Data excerpts:
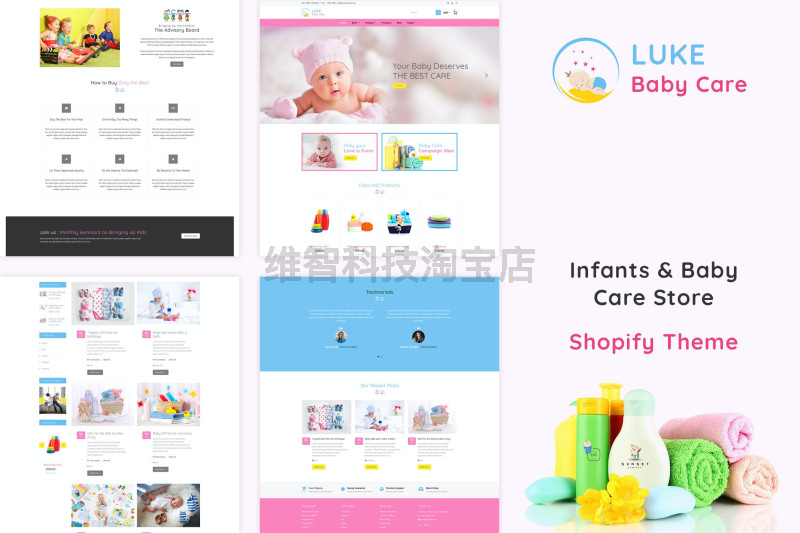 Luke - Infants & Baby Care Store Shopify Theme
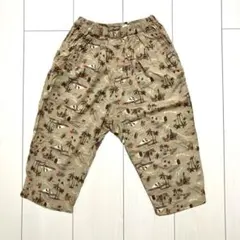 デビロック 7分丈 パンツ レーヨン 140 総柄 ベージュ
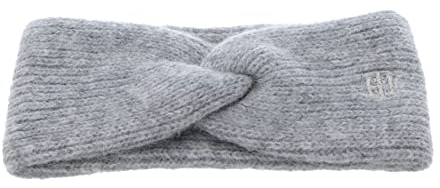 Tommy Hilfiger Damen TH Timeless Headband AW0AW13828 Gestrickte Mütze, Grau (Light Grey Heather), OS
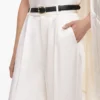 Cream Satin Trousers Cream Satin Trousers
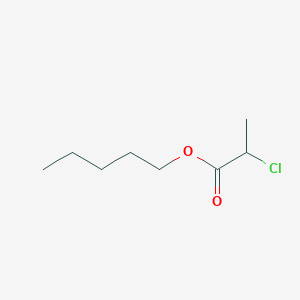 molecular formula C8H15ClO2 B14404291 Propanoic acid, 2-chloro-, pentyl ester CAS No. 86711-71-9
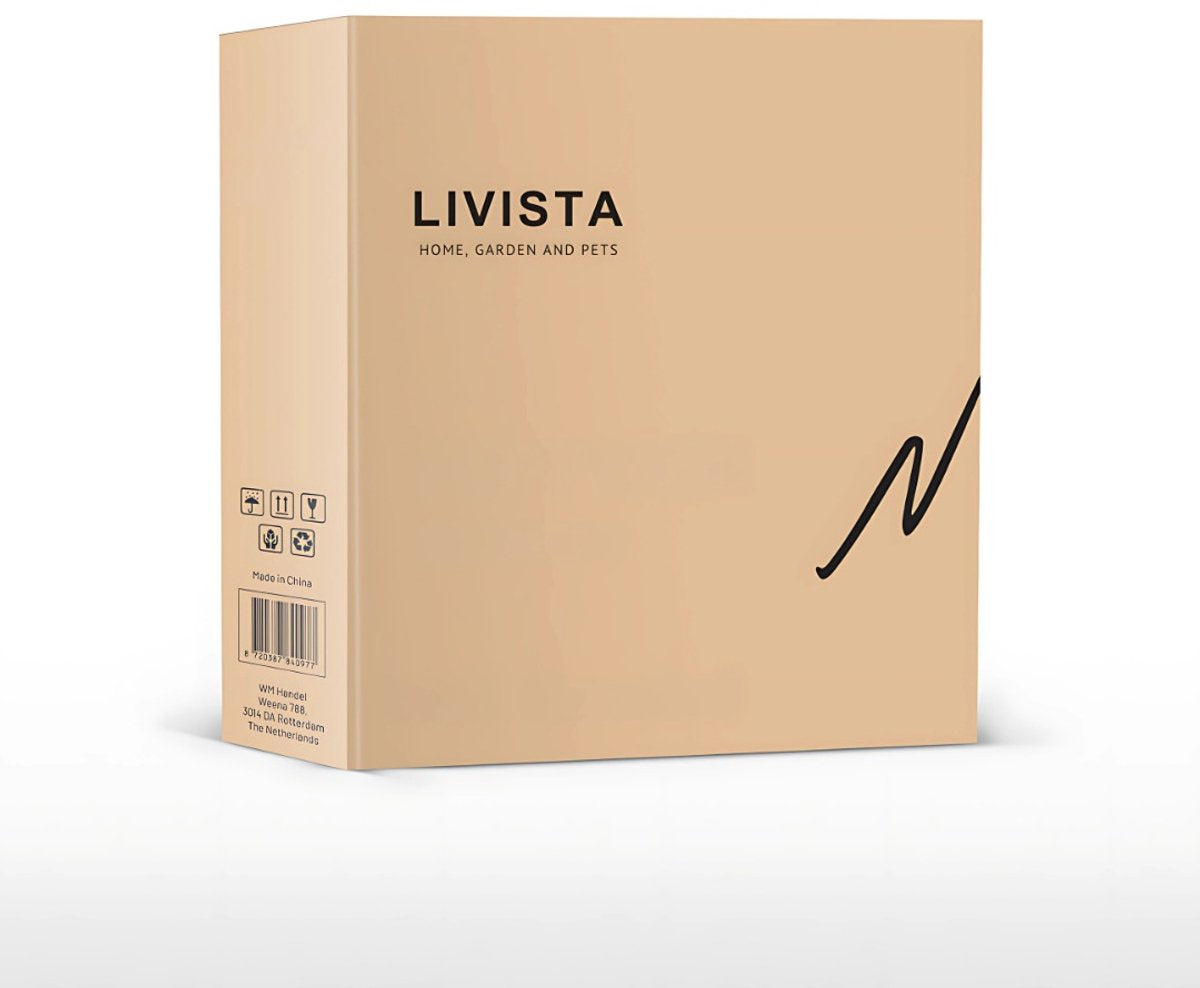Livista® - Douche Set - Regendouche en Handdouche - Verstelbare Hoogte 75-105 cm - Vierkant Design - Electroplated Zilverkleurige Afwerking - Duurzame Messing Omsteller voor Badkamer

WORK TO BE COMPLETED: In repeating the lines above, keep the wording exact and leave every picture out.

RESPONSE TO THE EXERCISE:
 Luke - Infants & Baby Care Store Shopify Theme
 デビロック 7分丈 パンツ レーヨン 140 総柄 ベージュ
 Tommy Hilfiger Damen TH Timeless Headband AW0AW13828 Gestrickte Mütze, Grau (Light Grey Heather), OS
 Cream Satin Trousers Cream Satin Trousers
 molecular formula C8H15ClO2 B14404291 Propanoic acid, 2-chloro-, pentyl ester CAS No. 86711-71-9
Livista® - Douche Set - Regendouche en Handdouche - Verstelbare Hoogte 75-105 cm - Vierkant Design - Electroplated Zilverkleurige Afwerking - Duurzame Messing Omsteller voor Badkamer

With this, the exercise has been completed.